Download Excel Files

Recently i had to download binary format data using ASP.NET Core, Console Core and SSIS applications;

ASP.NET Core application;

Here is a work around for ASP.NET Core Where we are getting back File Result;

[HttpGet]
public IActionResult GetExcelData2(Guid? documentId)
{
            var sql = "SELECT TOP(1) FileName, ContentType, FileStreamCol FROM [dbo].[STG_Document] WHERE 1 = 1 AND DocumentId = @documentId";

            byte[] fileContent = null;
            string mimeType = "application/vnd.openxmlformats-officedocument.spreadsheetml.sheet";
            string fileName = "C:\\Business\\myfile.xlsx";

            using (var connection = new SqlConnection(AppConnectionString.Value.PMBImportsConn))
            {
                connection.Open();
                var result = connection.Query(sql, new { DocumentId = documentId });
                result.AsList().ForEach(x =>
                {
                    fileContent = x.FileStreamCol;
                    mimeType = x.ContentType;
                    fileName = x.FileName;
                });

                return File(new MemoryStream(fileContent, 0, fileContent.Length - 1), mimeType, fileName);
            }
}

I am subtracting 1 element from byte array to fix a problem I encountered in a VB6 application. Otherwise, you don’t need to subtract this element.
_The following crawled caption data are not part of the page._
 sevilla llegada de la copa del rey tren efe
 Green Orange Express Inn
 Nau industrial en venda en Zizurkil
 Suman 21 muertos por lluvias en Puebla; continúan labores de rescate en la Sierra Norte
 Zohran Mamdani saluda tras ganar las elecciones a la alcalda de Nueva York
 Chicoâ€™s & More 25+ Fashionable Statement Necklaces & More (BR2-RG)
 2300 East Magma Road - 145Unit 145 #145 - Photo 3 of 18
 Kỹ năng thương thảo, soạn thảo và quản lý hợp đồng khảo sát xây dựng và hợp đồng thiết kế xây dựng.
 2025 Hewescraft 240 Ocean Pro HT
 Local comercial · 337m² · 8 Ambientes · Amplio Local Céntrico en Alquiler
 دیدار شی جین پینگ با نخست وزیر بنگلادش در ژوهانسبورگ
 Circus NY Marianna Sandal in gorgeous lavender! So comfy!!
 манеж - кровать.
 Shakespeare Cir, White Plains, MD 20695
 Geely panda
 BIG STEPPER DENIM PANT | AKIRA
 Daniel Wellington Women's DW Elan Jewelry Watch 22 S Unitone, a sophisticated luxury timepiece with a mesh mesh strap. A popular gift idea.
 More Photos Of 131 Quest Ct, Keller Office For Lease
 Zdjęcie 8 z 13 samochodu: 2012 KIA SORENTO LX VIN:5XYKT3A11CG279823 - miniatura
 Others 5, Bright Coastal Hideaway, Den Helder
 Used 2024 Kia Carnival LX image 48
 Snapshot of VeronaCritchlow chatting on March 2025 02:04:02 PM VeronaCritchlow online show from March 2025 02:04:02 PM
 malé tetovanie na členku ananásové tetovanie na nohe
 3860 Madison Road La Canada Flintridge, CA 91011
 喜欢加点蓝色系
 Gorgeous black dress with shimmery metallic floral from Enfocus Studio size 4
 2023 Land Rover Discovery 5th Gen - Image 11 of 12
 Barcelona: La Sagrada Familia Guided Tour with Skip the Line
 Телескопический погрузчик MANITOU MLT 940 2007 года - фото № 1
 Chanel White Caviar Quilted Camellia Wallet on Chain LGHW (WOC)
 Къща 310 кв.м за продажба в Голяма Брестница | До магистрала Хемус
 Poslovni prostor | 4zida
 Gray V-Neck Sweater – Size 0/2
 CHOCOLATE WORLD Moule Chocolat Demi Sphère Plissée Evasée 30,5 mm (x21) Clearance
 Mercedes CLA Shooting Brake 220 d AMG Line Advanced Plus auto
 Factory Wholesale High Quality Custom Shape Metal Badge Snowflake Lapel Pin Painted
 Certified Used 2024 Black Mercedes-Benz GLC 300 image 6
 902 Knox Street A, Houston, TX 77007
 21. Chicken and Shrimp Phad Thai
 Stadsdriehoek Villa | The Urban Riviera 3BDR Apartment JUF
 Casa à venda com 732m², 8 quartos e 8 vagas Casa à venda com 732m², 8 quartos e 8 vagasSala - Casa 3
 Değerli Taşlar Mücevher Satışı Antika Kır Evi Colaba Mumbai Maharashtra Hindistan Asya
 return File(new MemoryStream(fileContent, 0, fileContent.Length), mimeType, fileName);

This is how we call it from view;

<a asp-controller="Project" asp-action="GetExcelData2" asp-route-documentId="@p.DocumentId">Download</a>

If everything is correct, the download starts automatically.

C# Console application;

Here is how this will work in C# Console application;

internal void DownloadExcelFiles()
{
            // Create folder to save downloaded files
            string myFolderPath = @"C:\WorkToDo\";
                        Directory.CreateDirectory(myFolderPath + "\\FilesDownloaded");

            //run sql query to grab image files
            var sql = "SELECT DocumentId AS DocumentId, ContentType, FileName, FileStreamCol  FROM dbo.STG_Document WHERE 1 = 1";

            byte[] fileContent = null;
            string mimeType = "application/vnd.openxmlformats-officedocument.spreadsheetml.sheet";
            string fileName = "";

            using (var connection = new SqlConnection(DB2SqlConnectionString))
            {
                connection.Open();
                var result = connection.Query(sql);
                result.AsList().ForEach(x =>
                {
                    string fileExtension = "xlsx";
                    switch (x.ContentType)
                    {
                        case "application/vnd.openxmlformats-officedocument.spreadsheetml.sheet":
                        case "application/vnd.ms-excel":
                        case "application/msexcel":
                            fileExtension = "xlsx";
                            break;
                        case "application/vnd.ms-excel.sheet.macroEnabled.12":
                            fileExtension = "xlsm";
                            break;
                        default:
                            break;
                    }
                    string fileToWrite = $"{myFolderPath}\\FilesDownloaded\\{x.DocumentId}.{fileExtension}";
                    fileContent = x.FileStreamCol;
                    mimeType = x.ContentType;
                    fileName = x.FileName;

                    FileStream fileStream = File.OpenWrite(fileToWrite);
                    fileStream.Write(fileContent, 0, fileContent.Length - 1);
                    fileStream.Flush();
                    fileStream.Close();
                });
                Console.WriteLine("Download complete..");
            }           
}

I am subtracting 1 element from byte array to fix a problem I encountered in a VB6 application. Otherwise, you don’t need to subtract this element.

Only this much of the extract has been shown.